Work task: A single number is the answer here: the count of lines in the data below that include the word "home".

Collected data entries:
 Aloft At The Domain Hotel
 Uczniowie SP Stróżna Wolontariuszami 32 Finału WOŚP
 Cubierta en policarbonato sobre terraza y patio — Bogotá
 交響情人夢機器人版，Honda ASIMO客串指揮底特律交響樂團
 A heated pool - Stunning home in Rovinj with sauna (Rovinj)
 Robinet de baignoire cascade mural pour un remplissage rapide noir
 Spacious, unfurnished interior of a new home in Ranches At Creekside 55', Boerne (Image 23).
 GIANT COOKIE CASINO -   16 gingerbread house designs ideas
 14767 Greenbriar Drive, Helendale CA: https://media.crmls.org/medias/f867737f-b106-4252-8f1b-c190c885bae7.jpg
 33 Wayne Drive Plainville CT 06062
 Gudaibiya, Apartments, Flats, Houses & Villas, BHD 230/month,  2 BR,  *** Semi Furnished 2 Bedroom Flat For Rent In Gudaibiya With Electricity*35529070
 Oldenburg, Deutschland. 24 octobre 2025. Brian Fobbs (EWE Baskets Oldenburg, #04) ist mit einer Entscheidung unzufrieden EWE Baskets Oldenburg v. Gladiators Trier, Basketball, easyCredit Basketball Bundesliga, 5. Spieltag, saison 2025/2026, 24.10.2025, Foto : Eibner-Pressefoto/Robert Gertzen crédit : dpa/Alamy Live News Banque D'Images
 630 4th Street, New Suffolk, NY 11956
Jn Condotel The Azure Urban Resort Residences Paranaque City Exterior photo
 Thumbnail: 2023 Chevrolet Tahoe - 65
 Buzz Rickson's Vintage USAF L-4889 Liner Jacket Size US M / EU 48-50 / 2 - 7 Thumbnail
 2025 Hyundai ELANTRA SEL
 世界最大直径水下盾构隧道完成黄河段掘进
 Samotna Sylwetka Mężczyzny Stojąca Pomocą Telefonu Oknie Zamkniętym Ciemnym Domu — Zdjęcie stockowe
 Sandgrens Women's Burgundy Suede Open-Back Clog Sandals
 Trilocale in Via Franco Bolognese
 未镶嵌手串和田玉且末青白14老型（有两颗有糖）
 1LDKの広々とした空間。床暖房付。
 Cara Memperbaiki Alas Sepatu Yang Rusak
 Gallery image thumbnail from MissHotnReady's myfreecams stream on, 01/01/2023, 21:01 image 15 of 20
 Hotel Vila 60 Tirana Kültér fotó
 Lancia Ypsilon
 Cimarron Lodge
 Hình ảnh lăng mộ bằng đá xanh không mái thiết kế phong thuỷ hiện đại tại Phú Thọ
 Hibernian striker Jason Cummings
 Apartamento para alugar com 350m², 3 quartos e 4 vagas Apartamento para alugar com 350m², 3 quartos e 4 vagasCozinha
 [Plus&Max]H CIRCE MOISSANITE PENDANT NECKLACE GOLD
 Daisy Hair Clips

Reply: 2